### DATASET CONTENT:
◆ ◆ ◆ ◆ ◆ ◆ ◆

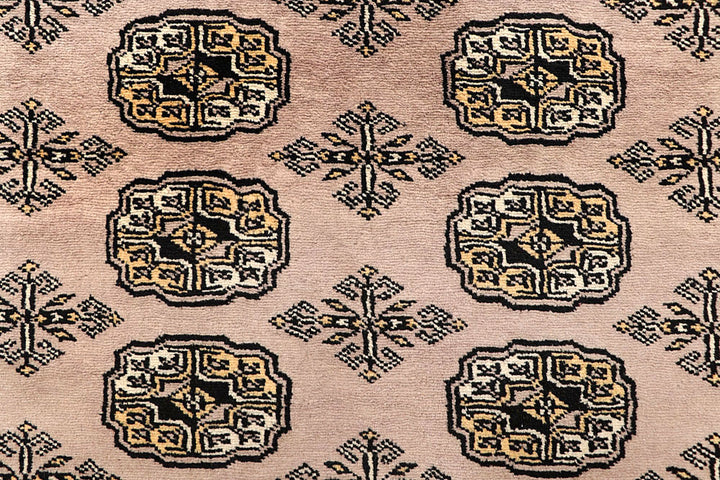 Tan Bokhara 5' 8 x 8' 6 - No. 60531 - ALRUG Rug Store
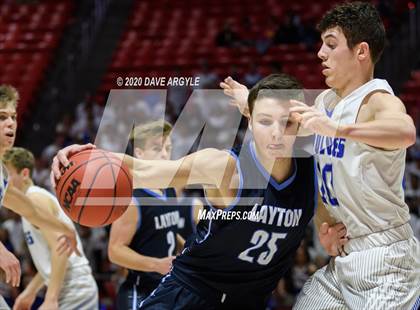 Thumbnail 2 in Fremont vs. Layton (UHSAA 6A Semifinal) photogallery.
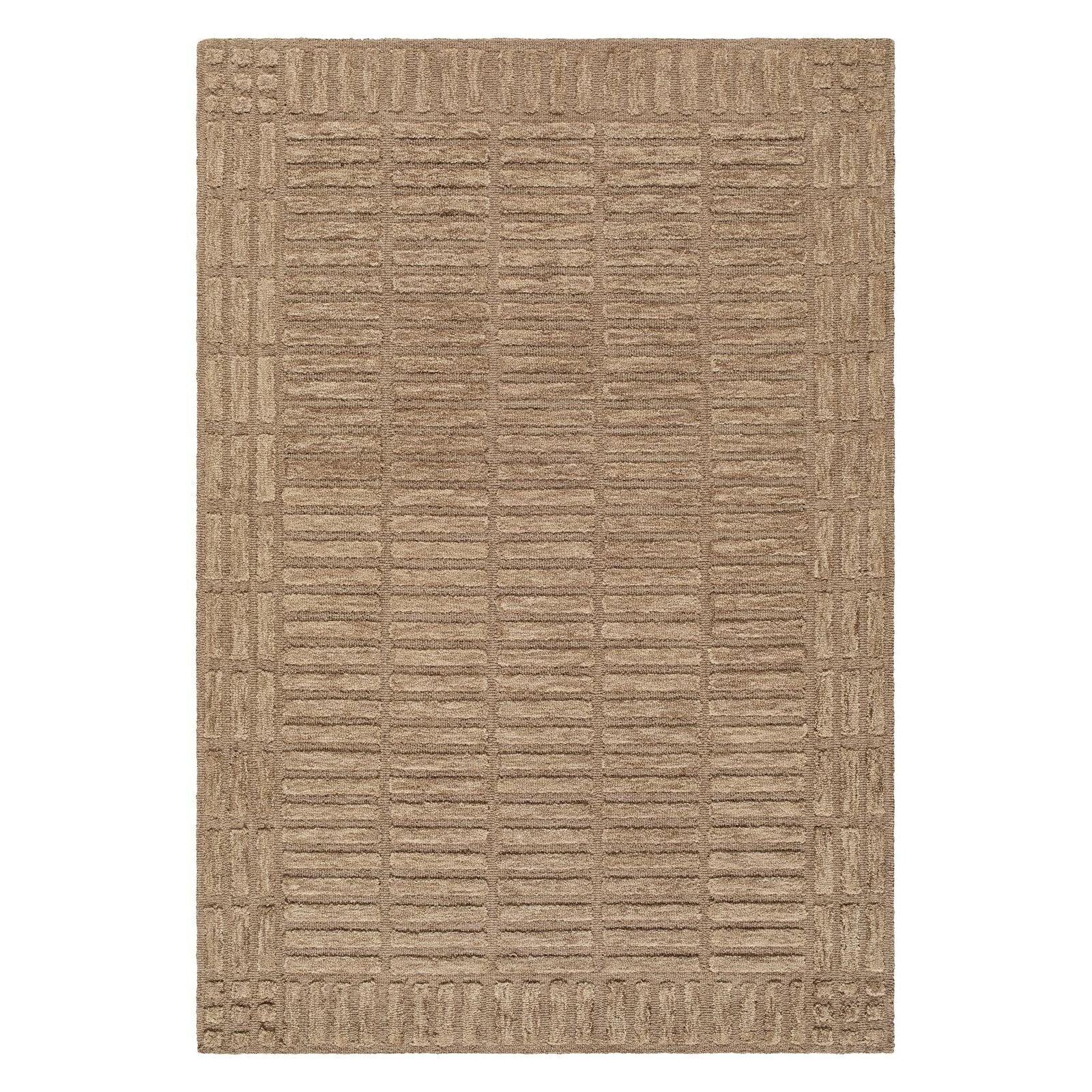 Wright Handmade Rug, Rectangle 5' x 7'6"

◆ ◆ ◆ ◆ ◆ ◆ ◆

Starting where a line contains "Thumbnail 2 in" and finishing at the last line above, set down every line exactly as it reads, with no pictures.

 Thumbnail 2 in Fremont vs. Layton (UHSAA 6A Semifinal) photogallery.
 Wright Handmade Rug, Rectangle 5' x 7'6"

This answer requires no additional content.